Excerpted records:
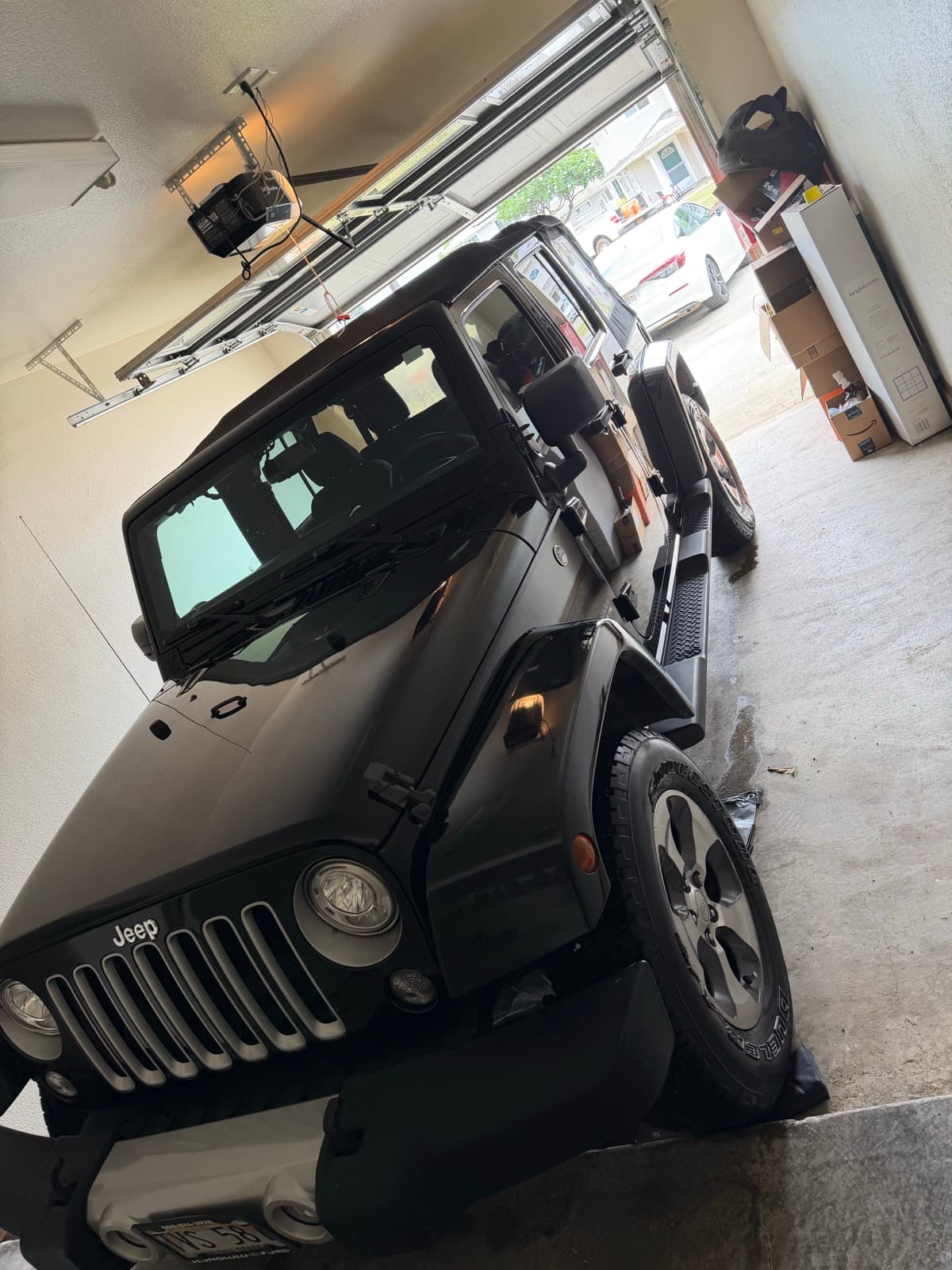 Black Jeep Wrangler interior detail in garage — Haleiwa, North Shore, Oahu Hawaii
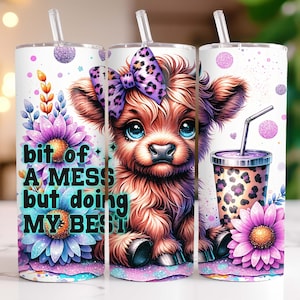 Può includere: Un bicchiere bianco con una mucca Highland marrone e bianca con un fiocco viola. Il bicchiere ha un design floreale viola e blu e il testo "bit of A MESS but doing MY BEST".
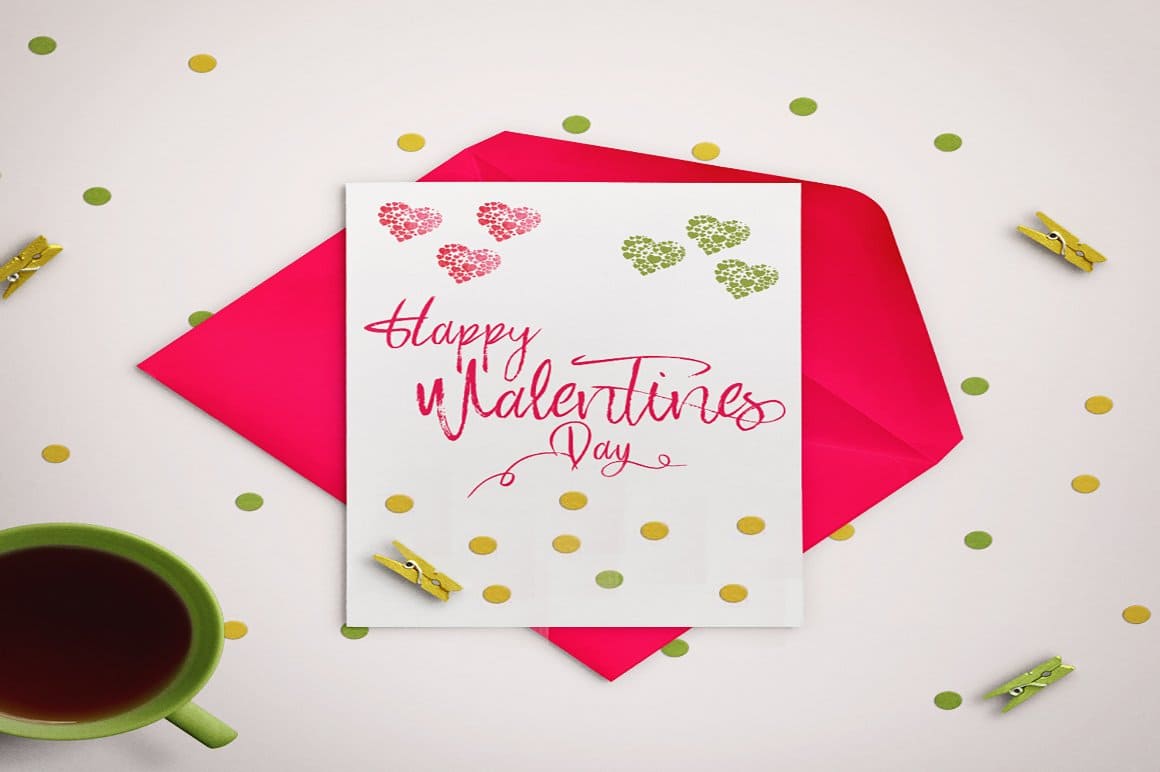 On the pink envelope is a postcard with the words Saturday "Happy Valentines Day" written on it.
==
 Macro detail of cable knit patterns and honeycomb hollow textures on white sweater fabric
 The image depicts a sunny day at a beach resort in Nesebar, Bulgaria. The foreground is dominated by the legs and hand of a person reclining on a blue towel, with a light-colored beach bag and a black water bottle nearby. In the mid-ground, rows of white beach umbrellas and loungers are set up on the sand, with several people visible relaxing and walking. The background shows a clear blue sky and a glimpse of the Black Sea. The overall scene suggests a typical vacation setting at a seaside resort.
* * *
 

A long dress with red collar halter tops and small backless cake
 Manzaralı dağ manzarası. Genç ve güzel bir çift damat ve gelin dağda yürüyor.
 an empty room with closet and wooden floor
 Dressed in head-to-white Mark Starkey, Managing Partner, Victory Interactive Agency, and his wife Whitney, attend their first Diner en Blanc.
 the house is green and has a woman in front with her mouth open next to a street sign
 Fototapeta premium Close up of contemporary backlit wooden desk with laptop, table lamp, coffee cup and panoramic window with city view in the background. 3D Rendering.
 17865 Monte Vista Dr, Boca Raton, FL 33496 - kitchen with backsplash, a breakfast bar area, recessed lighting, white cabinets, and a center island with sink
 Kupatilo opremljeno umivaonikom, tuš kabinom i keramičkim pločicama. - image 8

What you have to do: Sift through the entries and copy every line with "image".

Answer to the exercise:
 The image depicts a sunny day at a beach resort in Nesebar, Bulgaria. The foreground is dominated by the legs and hand of a person reclining on a blue towel, with a light-colored beach bag and a black water bottle nearby. In the mid-ground, rows of white beach umbrellas and loungers are set up on the sand, with several people visible relaxing and walking. The background shows a clear blue sky and a glimpse of the Black Sea. The overall scene suggests a typical vacation setting at a seaside resort.
 Kupatilo opremljeno umivaonikom, tuš kabinom i keramičkim pločicama. - image 8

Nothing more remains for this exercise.